"""
.. _user_defined_pruner:

User-Defined Pruner
===================

In :mod:`optuna.pruners`, we described how an objective function can optionally include
calls to a pruning feature which allows Optuna to terminate an optimization
trial when intermediate results do not appear promising. In this document, we
describe how to implement your own pruner, i.e., a custom strategy for
determining when to stop a trial.

Overview of Pruning Interface
-----------------------------

The :func:`~optuna.study.create_study` constructor takes, as an optional
argument, a pruner inheriting from :class:`~optuna.pruners.BasePruner`. The
pruner should implement the abstract method
:func:`~optuna.pruners.BasePruner.prune`, which takes arguments for the
associated :class:`~optuna.study.Study` and :class:`~optuna.trial.Trial` and
returns a boolean value: :obj:`True` if the trial should be pruned and :obj:`False`
otherwise. Using the Study and Trial objects, you can access all other trials
through the :func:`~optuna.study.Study.get_trials` method and, and from a trial,
its reported intermediate values through the
:func:`~optuna.trial.FrozenTrial.intermediate_values` (a
dictionary which maps an integer ``step`` to a float value).

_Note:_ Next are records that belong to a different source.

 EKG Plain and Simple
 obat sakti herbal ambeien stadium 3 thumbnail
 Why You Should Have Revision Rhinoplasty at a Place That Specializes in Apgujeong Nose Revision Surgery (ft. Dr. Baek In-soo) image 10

You can refer to the source code of the built-in Optuna pruners as templates for
building your own. In this document, for illustration, we describe the
construction and usage of a simple (but aggressive) pruner which prunes trials
that are in last place compared to completed trials at the same step.

.. note::
    Please refer to the documentation of :class:`~optuna.pruners.BasePruner` or,
    for example, :class:`~optuna.pruners.ThresholdPruner` or
    :class:`~optuna.pruners.PercentilePruner` for more robust examples of pruner
    implementation, including error checking and complex pruner-internal logic.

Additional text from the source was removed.